Updated July 9, 2026 5 min read

A vacation home can build equity just like a primary residence, but tapping into that equity through a loan tends to come with a noticeably tighter set of requirements.

The short answer

Yes, it’s generally possible to borrow against equity in a second or vacation home, but lenders typically apply stricter standards than they would for a primary residence — often requiring more equity left in place after the loan, stronger credit, and larger cash reserves. The property still needs to qualify as collateral, and non-primary residences are usually viewed by lenders as carrying more risk.

Why lenders treat second homes differently

A primary residence is where the owner actually lives, which lenders generally view as the property someone is most motivated to keep current on, even during financial stress. A second or vacation home doesn’t carry that same weight in a lender’s risk assessment, since it’s a discretionary property that could more easily be let go if finances got tight. That difference in perceived risk tends to show up throughout the underwriting process for a home equity loan or line of credit on a non-primary residence.

Tighter equity requirements

Lenders commonly require more equity to remain in a second home after the new loan than they would on a primary residence, reflected in a lower maximum loan-to-value ratio. Where a primary residence might allow borrowing up to a certain share of the home’s value, a second home often caps out lower, meaning a larger equity cushion has to stay in place for the loan to be approved.

Credit and reserve expectations

Because the property itself is viewed as higher risk, lenders often expect stronger credit profiles and larger cash reserves from borrowers seeking a HELOC or home equity loan on a second home compared with what’s expected on a primary residence. Reserves, in this context, generally refer to verified savings or liquid assets equal to a certain number of months of payments on all the properties involved, not just the one being borrowed against — a way for lenders to confirm the borrower could keep paying even through an income disruption.

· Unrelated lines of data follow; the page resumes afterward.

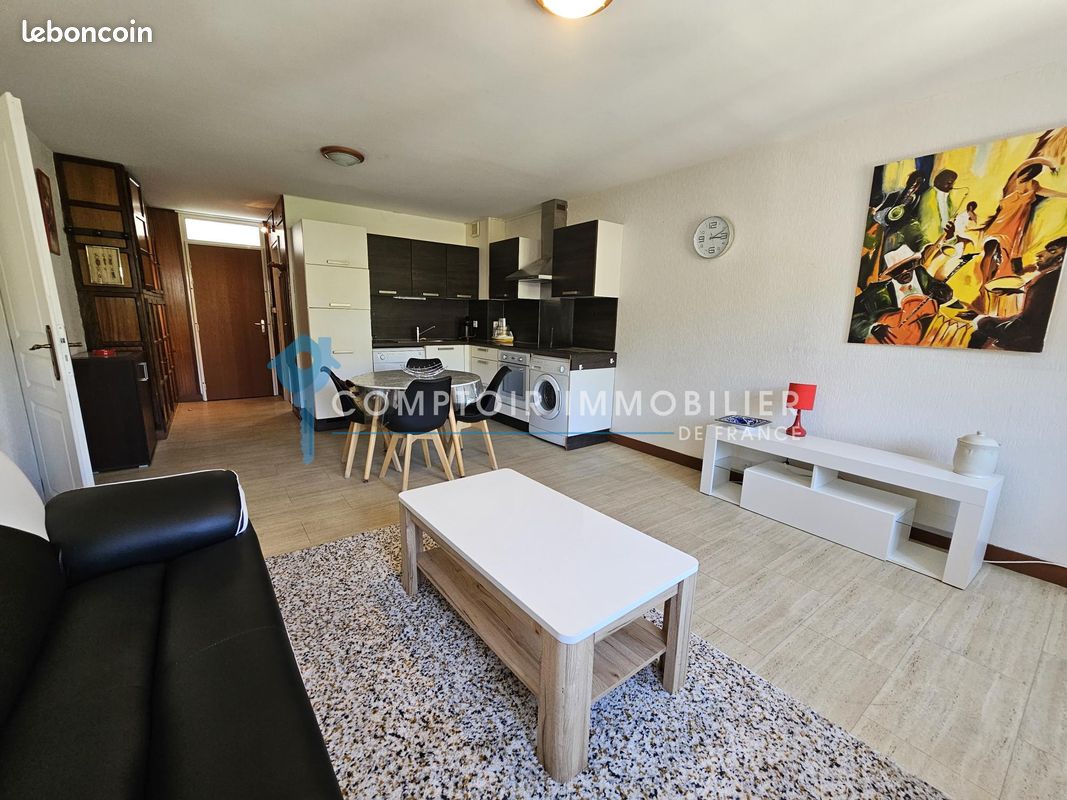 Appartement 2 pièces 54 m² · à Bagnères-de-Luchon · 54 m² · 164 000 €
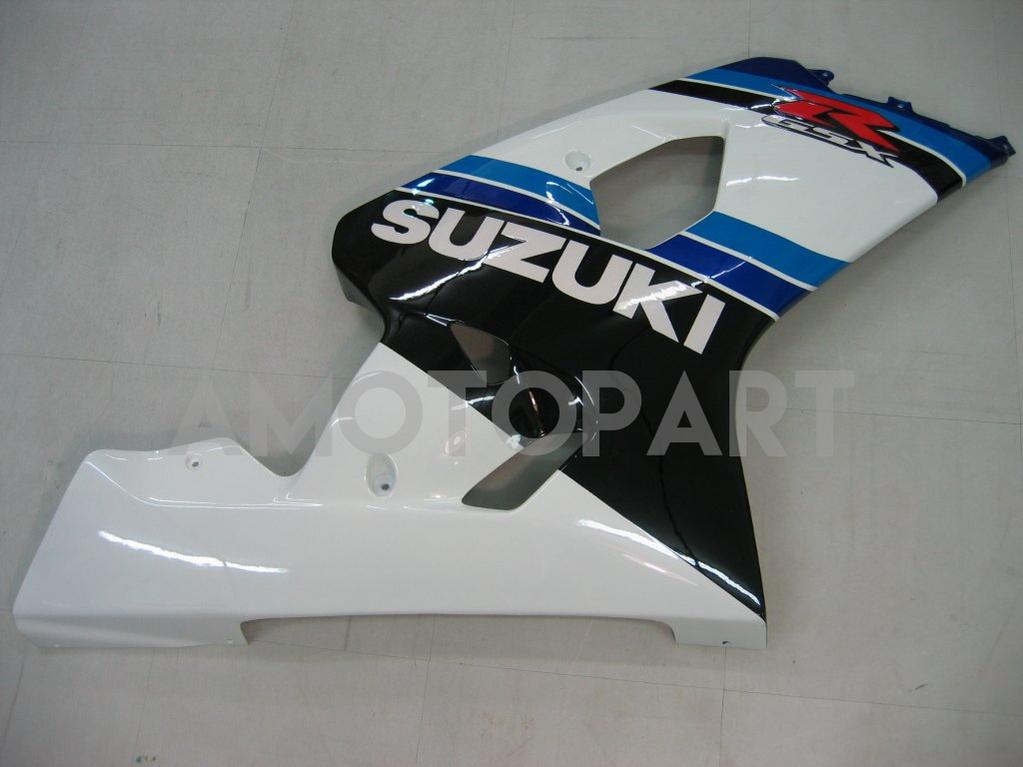 Amotopart 2004-2005 Suzuki GSXR 600750 Kairing zwart-witte kit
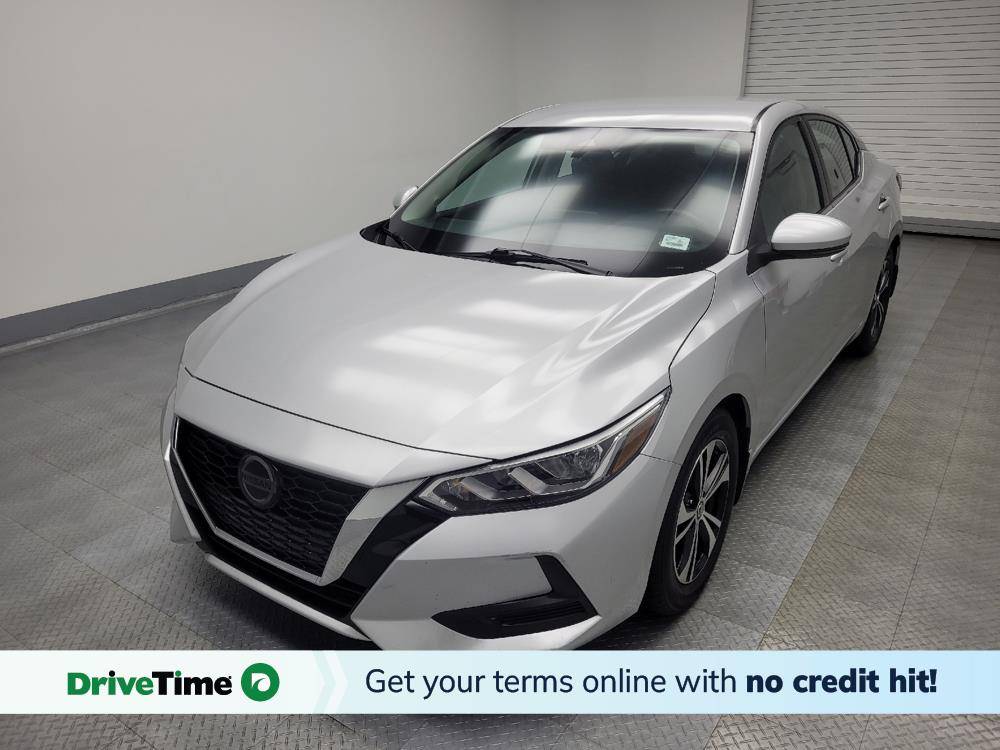 2021 Nissan Sentra SV — Sedan — 42,054 mi — Ft Wayne, IN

How this compares with a primary-residence HELOC

The underlying mechanics of the loan itself — a lump sum versus a revolving line, as discussed in comparing a home equity loan with a home equity line of credit — work the same way regardless of which property secures it. What changes is mainly the qualification bar: the interest rate offered may also run somewhat higher on a second-home product, reflecting the same risk difference that shows up in the equity and reserve requirements.

What to weigh

Someone considering borrowing against a second or vacation home should expect a more document-heavy, conservative underwriting process than they may remember from a primary-residence loan, and should factor in that not every lender offers equity products on non-primary residences at all. Comparing terms across a few lenders, and confirming upfront what specific equity and reserve requirements apply, avoids being surprised partway through an application.